Edit (2025-12-03): Starting with v8.8.7, Notepad++ binaries - including the installer - are digitally signed using a legitimate certificate issued by GlobalSign. As a result, Installation of the Notepad++ root certificate is no longer required. We recommend that users who have previously installed the root certificate remove it.

[–] moseschrute@lemmy.world 1 points 1 day ago* (last edited 1 day ago)

Blorp lets you edit markdown directly. Theres an icon button to switch to the raw markdown editor (look for the M⬇️ icon). I assume you’re not using Blorp, but for anyone else reading this.

[–] sem@piefed.blahaj.zone 1 points 1 day ago

Thank you kind stranger

[–] moseschrute@lemmy.world 1 points 1 day ago (1 children)

Blorp dev here. I would love to fix this bug. If there’s any chance you could type out instructions to recreate the crash, I’ll get this fixed ASAP.

[–] sem@piefed.blahaj.zone 2 points 1 day ago (1 children)

Thanks! Here's how you can try to replicate it:

  1. Be on Android, with IronFox as the browser
  2. Reply to this comment: https://piefed.blahaj.zone/post/453110#comment_2488545
  3. Go to this website https://notepad-plus-plus.org/news/v883-self-signed-certificate/
  4. Select the text starting with 2025-07-09 and ending with We recommend that users who have previously installed the root certificate remove it.
  5. Switch back to Blorp, and start your comment with a > Blorp automatically converted this into a quote block. Everything is good so far
  6. Paste the formatted text from the webpage. Notice that there are some problems converting the formatted text into markdown: strikethroughs are inconsistent, codeblocks are present when none exist in the copied text, etc.,
  7. Switch to editing markdown mode in the bottom right corner
  8. Clean up the formatting -- remove the code blocks, clean up the strikethroughs so they match the website
  9. Save the image from the notepad++ website
  10. Switch back to visual mode
  11. Place the cursor where the image should go, put in a few line breaks (should still be within the nested quote)
  12. Upload the image
  13. Blorp becomes unresponsive
  14. Closing and reopening the app gets it responsive again, but it goes unresponsive any time you edit that comment.

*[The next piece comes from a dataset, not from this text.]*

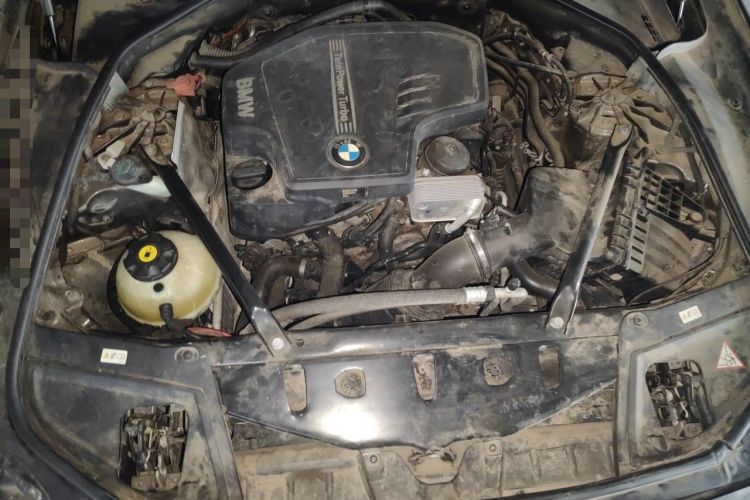 Used BMW 5 Series 2014 525Li Leading Model Engine Bay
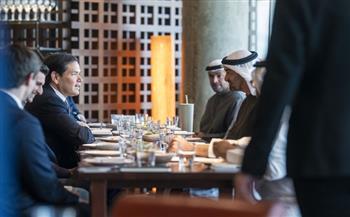 رئيس الإمارات ووزير الخارجية الأمريكي يبحثان التطورات بالمنطقة والجهود المبذولة بشأنها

Let me know if this helps of if you have any advice for how to make bug reports!

[–] moseschrute@lemmy.world 1 points 21 hours ago* (last edited 21 hours ago)

Idk if you have professional experience writing tickets, but this is very well written. Most people just write “the screen is blank” lol. It will take me a little time to dig into this, but that you for the instructions!